_What you have to do:_ Leaving the pictures aside, repeat the entries exactly.

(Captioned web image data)

+++++

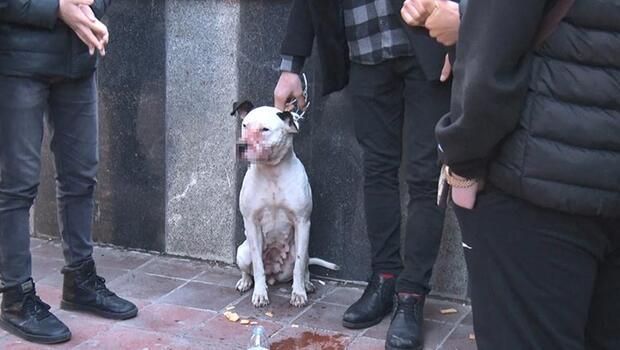 Sahipsiz pitbull sokak köpeğine saldırdı...İlk müdahaleyi vatandaşlar yaptı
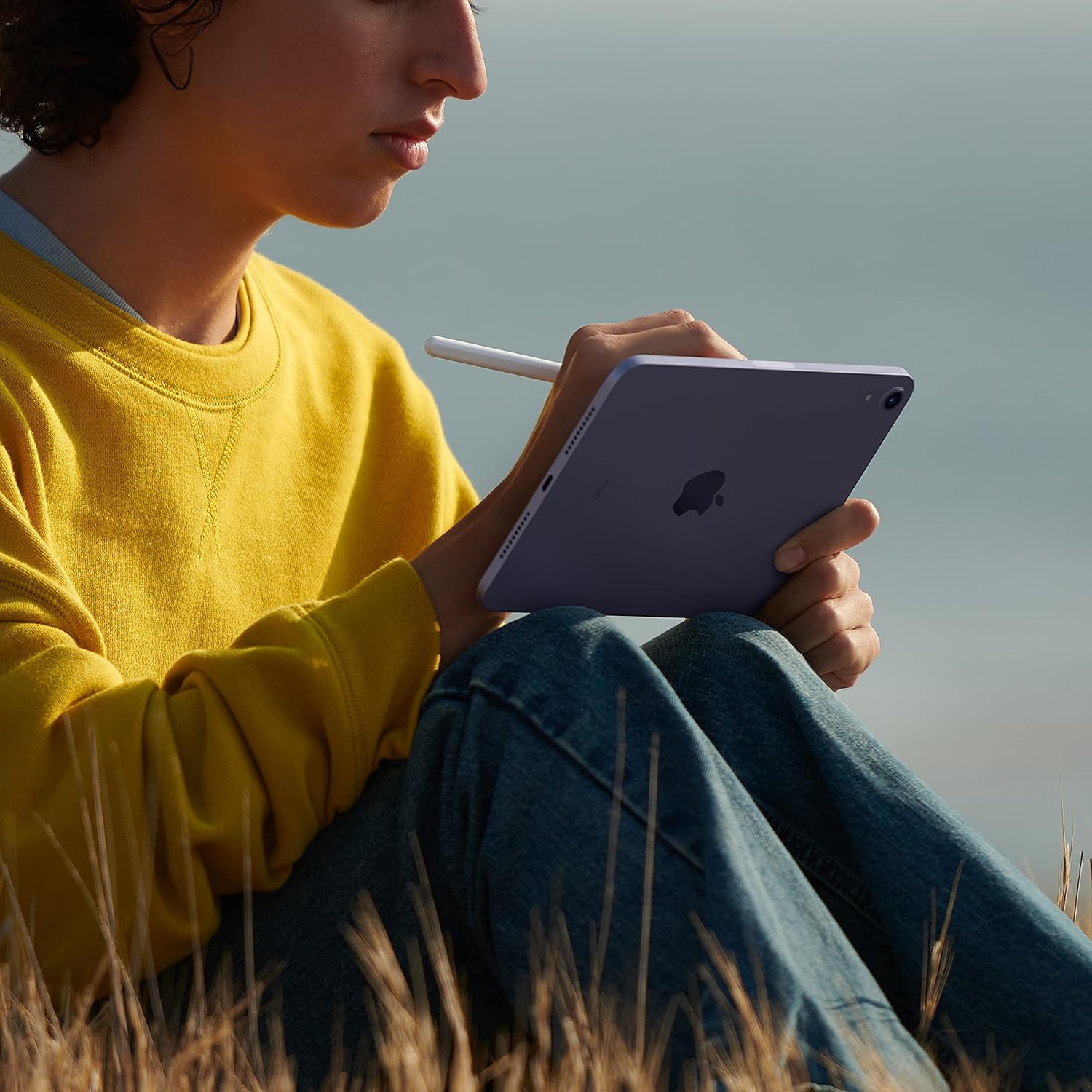 Apple iPad mini 8.3" (6ª Gen, 2021, A15 Bionic)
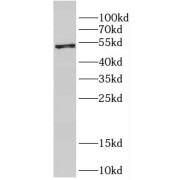 abx232517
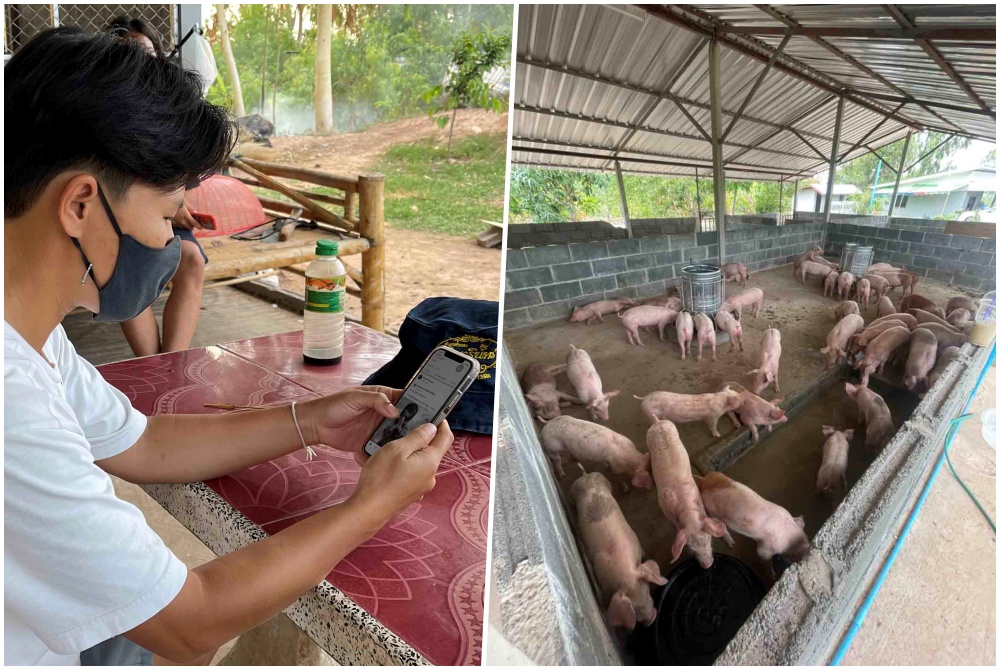 บทเรียนราคาแพงพันธุ์หมูติดเชื้อจากโลกออนไลน์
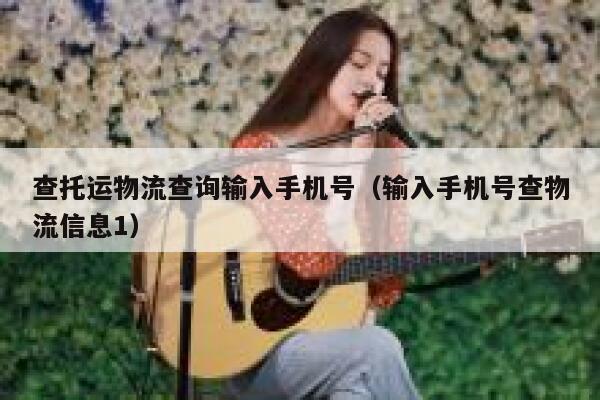 查托运物流查询输入手机号（输入手机号查物流信息1） 第1张
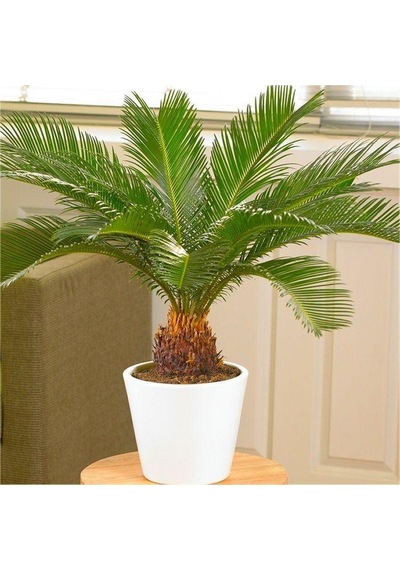 Cycas Tohumu Ekim Seti 3 Tohum Sikas Tohumu +Saksı+Toprak+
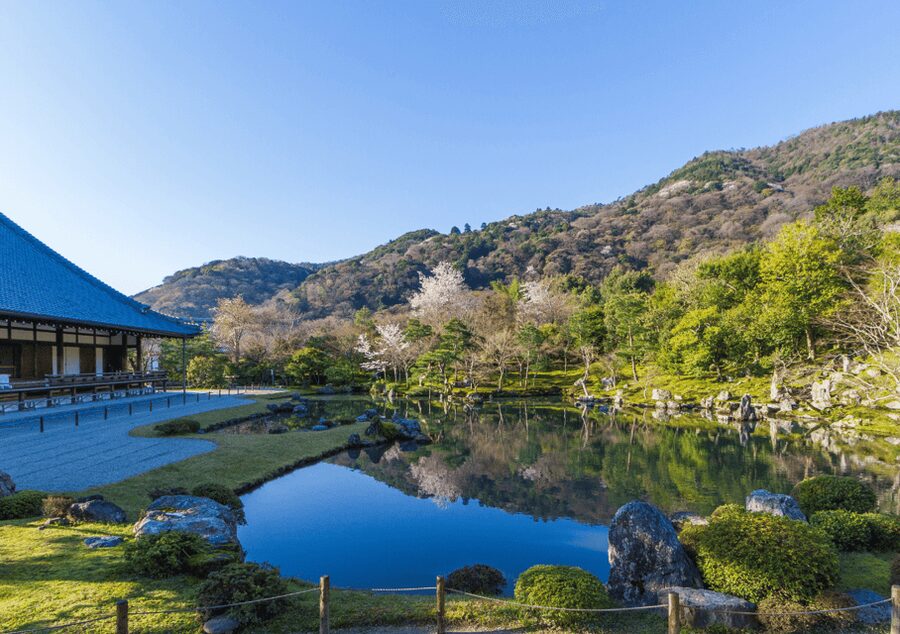 Private Tour to Monkey Park and Arashiyama Highlights - Tenryu-ji Temple: where the calm makes the day make sense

+++++

_Solved problem:_
 Sahipsiz pitbull sokak köpeğine saldırdı...İlk müdahaleyi vatandaşlar yaptı
 Apple iPad mini 8.3" (6ª Gen, 2021, A15 Bionic)
 abx232517
 บทเรียนราคาแพงพันธุ์หมูติดเชื้อจากโลกออนไลน์
 查托运物流查询输入手机号（输入手机号查物流信息1） 第1张
 Cycas Tohumu Ekim Seti 3 Tohum Sikas Tohumu +Saksı+Toprak+
 Private Tour to Monkey Park and Arashiyama Highlights - Tenryu-ji Temple: where the calm makes the day make sense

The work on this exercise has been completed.